Ecco, io ho l’impressione che noi c’è il rischio che finiamo così, che moriam soffocati, noi siamo tutti impastati di sonno e non siam più capaci di fare niente, neanche di aver dei pensieri nostri, o di distinguere i nostri dagli altri, e anche se ci riuscissimo, con un gran sforzo, per un attimo, sarebbe probabilmente inutile.
Cioè il mondo comunque andrebbe per conto suo e noi non avremmo nessuna possibilità non solo di mettere in discussione l’andiamo del mondo, neanche di dare il minimo fastidio. Ecco.
E allora uno potrebbe pensare, Allora non bisogna far niente? No. A me, in questi casi, di solito, quando penso queste cose, mi torna in mente un passo del Cyrano di Bergerac, di Rostand.
Cosa dite? È inutile? Lo so. Ma non ci batte nella speranza del successo. So bene che alla fine io sarò sconfitto; non importa. Io mi batto, io mi batto, io mi batto.

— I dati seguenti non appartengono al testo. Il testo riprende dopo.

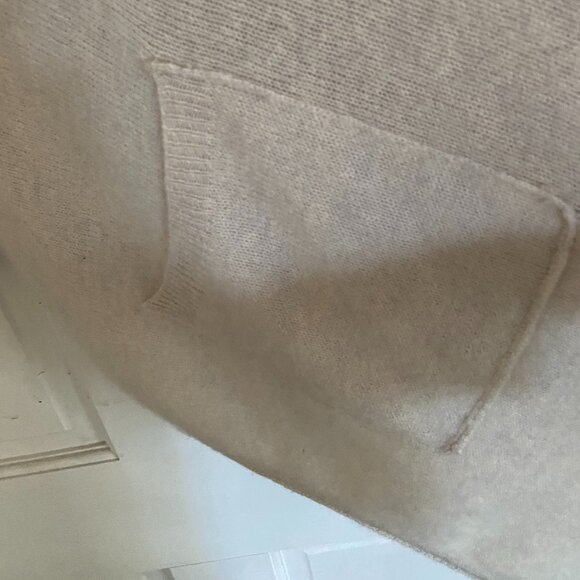 360 Cashmere - 100% Cashmere open cardigan fringed sweater - Cream - Size S - Picture 4 of 7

E se dobbiamo poi essere sconfitti, come sarà, probabilmente, mi sembra sensato quel che dice Iosif Brodskij quando dice, nel 1987, in un discorso tenuto a Vienna che si intitola La condizione che noi chiamiamo Esilio: «Comunque, se vogliamo avere una parte più importante, la parte dell’uomo libero, allora dobbiamo essere capaci di accettare, o almeno di imitare, il modo in cui un uomo libero è sconfitto. Un uomo libero, scrive Brodskij, quando è sconfitto, non dà la colpa a nessuno».
State bene.
Ciao Paolo, sono venuta per conoscerti l'altro ieri a Genova alla presentazione dei finalisti dello Strega. Ho rimediato anche un buon posto, barando, tra quelli riservati. Ero lì che non vedevo l'ora di poterti ringraziare per quelle ubriacature di pensiero, per tutti quei minestroni di allegria e malinconia che mi propini, dove la malinconia e l'allegria sono inestricabili come il bianco con il rosso delle uova strapazzate, e come si fa a capire dove finisce l'una e comincia l'altra, e si rimane straniti, ma è una goduria. Sono venuta lì, con il mio libro nuovo di pacca appena comprato per l'occasione, da farti firmare. Con i miei occhioni iniettati di gioia. E niente, non c'eri!! Possiamo fare come se ci fossimo conosciuti?
Tutto è già stato detto. Siamo l'uno sulle spalle dell'altro. Grazie per la tua ispirazione.